4 de Dezembro de 2019, 20:12

Somos Lisboetas porque é aqui que vivemos há muitos anos e amamos a nossa cidade. Vivemos na Mouraria e temos o coração alfacinha.

Gostamos da cidade e das suas gentes e também dos que nos visitam. Mas viver nesta cidade é cada vez mais difícil. Todas as semanas vemos uma vizinha partir e as suas casas serem transformadas para turismo. Os preços das casas estão muito altos e é impossível encontrar uma alternativa que nos permita ficar aqui a viver perto do local onde trabalhamos e onde os nossos filhos vão à escola. O governo não arranja soluções para este problema e a câmara municipal apresenta programas muito reduzidos na capacidade de oferta. A crise está a agravar-se dia para dia.

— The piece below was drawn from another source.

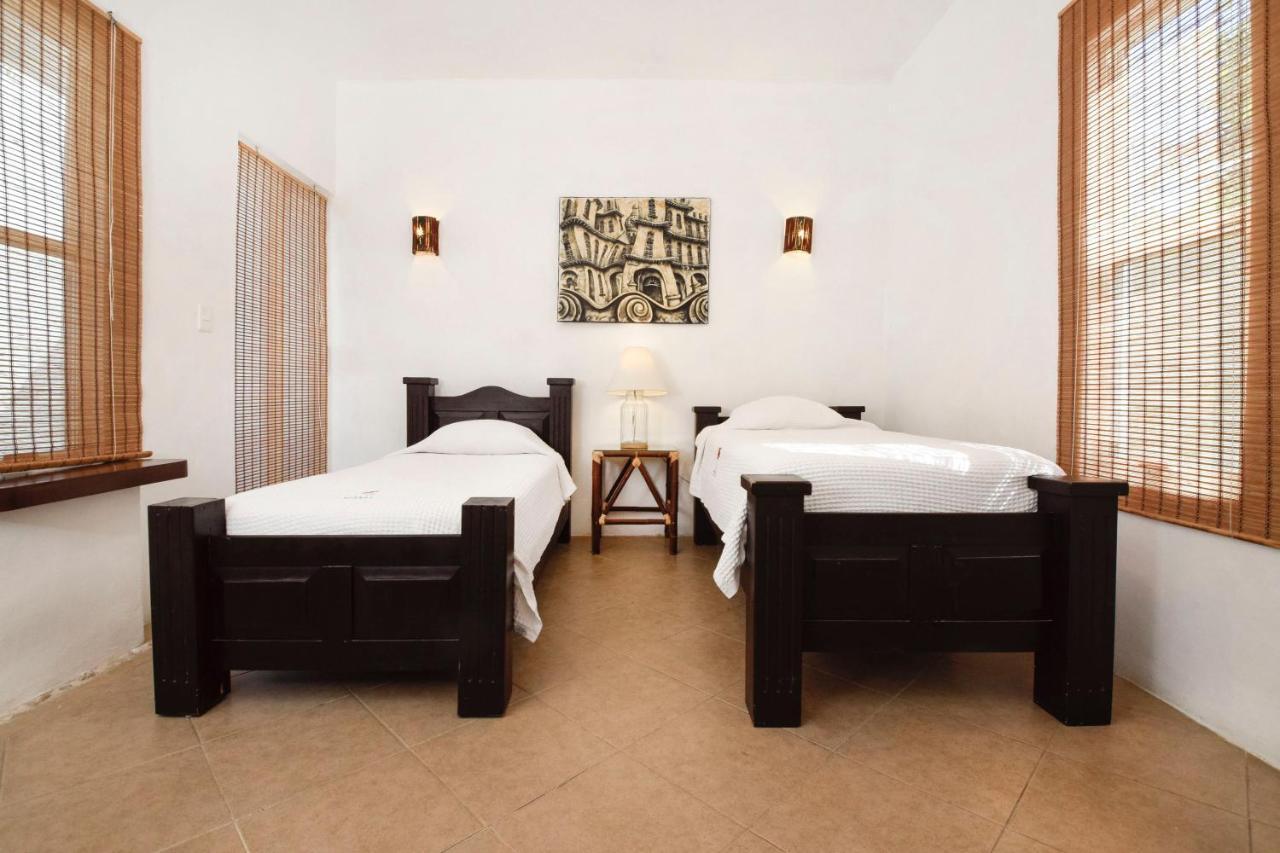 El Encanto Aparthotel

Vivemos num prédio na rua dos Lagares, no número 25, mesmo no centro da Mouraria. Há dois anos éramos 16 famílias, hoje somos 11. Foi no verão de 2017 que o nosso senhorio nos quis pôr na rua. Não aceitámos que, depois de tantos anos a viver naquele prédio, o senhorio nos expulsasse sem existir uma alternativa. Juntámos os vizinhos, fomos expor o nosso problema na Assembleia e Câmara Municipal de Lisboa, fomos à televisão e, com a solidariedade de muitos amigos, conseguimos que a câmara municipal interviesse.

Na altura, a câmara pressionou o senhorio e conseguiu um acordo que, apesar de aumentar significativamente as rendas para alguns inquilinos, permitiu prolongar a permanência das famílias por cinco anos. Foi “apenas um balão de oxigénio”, como lhe chamou na altura a presidente da Assembleia Municipal, a arquiteta Helena Roseta. Disse também que era preciso fazer mais. A própria câmara municipal equacionou a compra do prédio e isso também nos deu alguma esperança. Agora sabemos que o tempo está a contar e a esgotar-se. O horizonte para nós está muito escuro e sabemos que dentro de dois anos estaremos na rua.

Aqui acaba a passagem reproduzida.